A teraz może Guy de Maupassant pozwoli, bym odstąpiwszy od jego przepisów powiedział, że nowa jego powieść »Piotr i Jan« jest utworem bardzo niepowszednim i zdradza potężny talent. Nie jest to właściwie powieść naturalistyczna, — i autor wie o tem dobrze: ma on odwagę swych czynów. W tym przypadku — a to już nie po raz pierwszy — wychodzi z pierwszej lepszej hipotezy. Powiedział sobie tak: Jeżeli jakiś fakt miał miejsce w pewnych warunkach, co z niego wyniknie? Punkt wyjścia w powieści »Piotr i Jan« jest tak niezwykły, a przynajmniej tak wyjątkowy, że tu obserwacyą nie możnaby zapewne poznać jego następstw. Chcąc je wykryć, trzeba się uciec do rozumowań i dedukcyj. Tak też postąpił Guy de Maupassant: na wzór dyabła mistrzem jest w logice. I oto co wymyślił:
Piękna i uczciwa pani Roland, żona poczciwego, ale bardzo pospolitego jubilera z ulicy Montmarte i matka jedynego synka odczuwa nadto boleśnie pustkę swego ciasnego życia. Człowiek nieznajomy, który przypadkowo zaszedł do sklepu po sprawunek, pokochał ją i ujął ją swem wyznaniem. Był to pan Maréchal, urzędnik rządowy. Czując i odgadując jego ostrożną tkliwość, pani Roland odpowiedziała miłością i oddaniem. Wkrótce miała drugiego syna; jubiler i to dziecko uważał za swoje, ale matka wiedziała dobrze, że zrodziło się ono ze szczęśliwszego związku. Głęboka skłonność serc wiązała tę kobietę z jej kochankiem; ich stosunek tajemny był słodki i długotrwały. Zerwanie nastąpiło dopiero wówczas, gdy jubiler zwinął sklep i z żoną już starzejącą się i z dziećmi dorastającemi przeniósł się do Havru. Tam pani Roland w spokoju i ciszy żyła wspomnieniami, które nie miały w sobie nic goryczy, bo pono tylko po grzechach przeciw miłości gorycz pozostaje. Mając lat czterdzieści ośm, mogła z rozkoszą wspominać o stosunku, który dodał tyle uroku jej życiu, a nie naraził jednak na szwank jej czci, jako żony i matki rodziny. Wtem nagle przychodzi wiadomość o śmierci Maréchala, który spadkobiercą swym mianował młodszego syna Rolanda.

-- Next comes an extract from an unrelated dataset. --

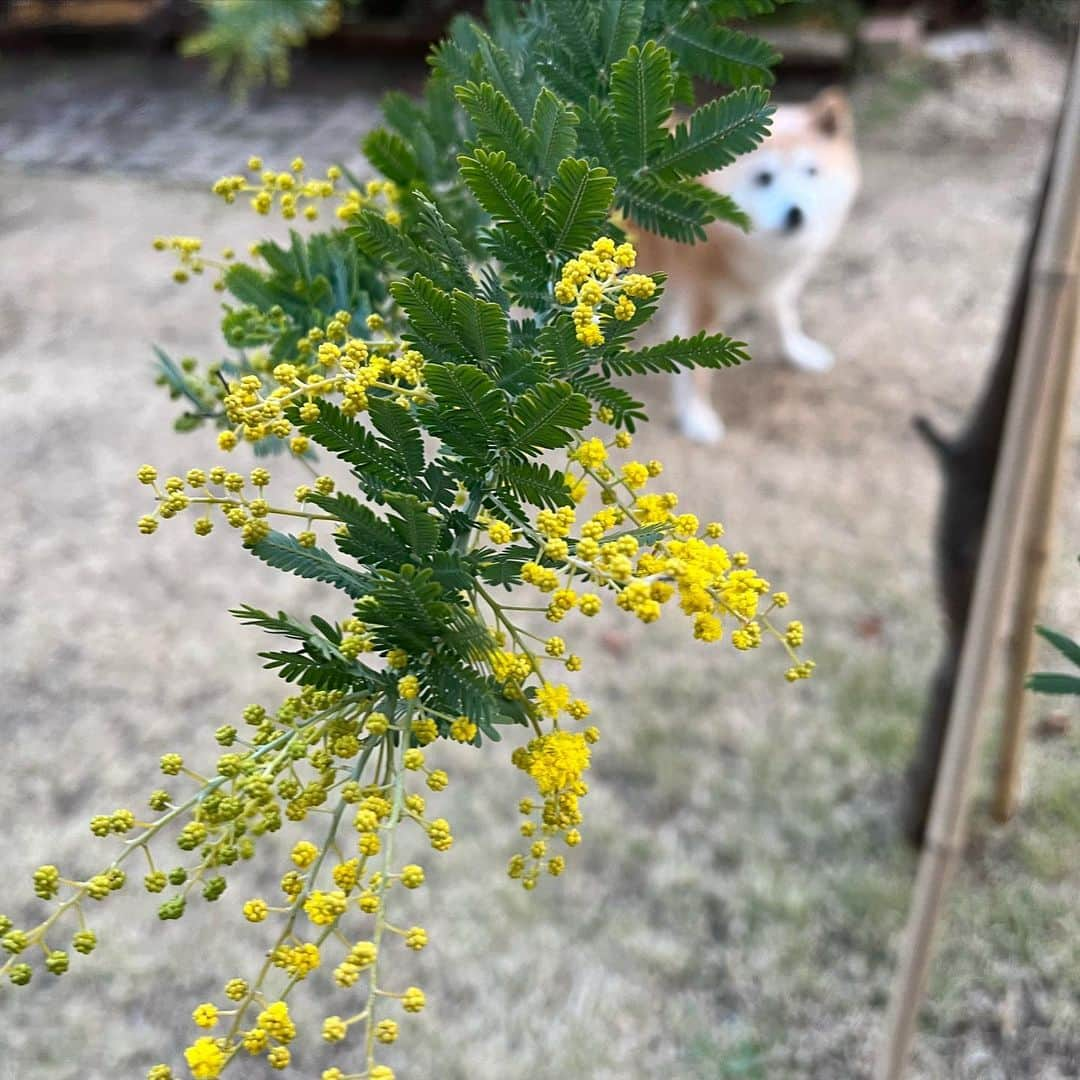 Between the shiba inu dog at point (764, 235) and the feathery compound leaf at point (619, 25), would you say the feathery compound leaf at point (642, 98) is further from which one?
the shiba inu dog at point (764, 235)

Taka jest sytuacya, takie przypuszczenie zkąd autor opowieść swą poczyna. Czyż nie miałem racyi twierdząc, że sytuacya to niezwykła? Maréchal za życia okazywał obu małym Rolandom jednakie przywiązanie; zapewne w głębi serca nie mógł kochać ich jednakowo, — nie dziwna, że przekładał tego, który był jego synem. Czuł jednak, że nie wolno mu okazywać tej różnicy w uczuciu; jakże więc nie rozumiał, iż uczucie to będzie jeszcze więcej kompromitujące, skoro nagle po jego śmierci objawi się w uroczystym zapisie? Czyż nie pojął, że darząc młodszego syna, naraża na podejrzenie dobrą sławę matki? Zresztą najprostsza delikatność powinna mu była poddać jednakowe objawy przywiązania dla obu braci, gdyż obaj zarówno byli dziećmi kobiety, która go kochała.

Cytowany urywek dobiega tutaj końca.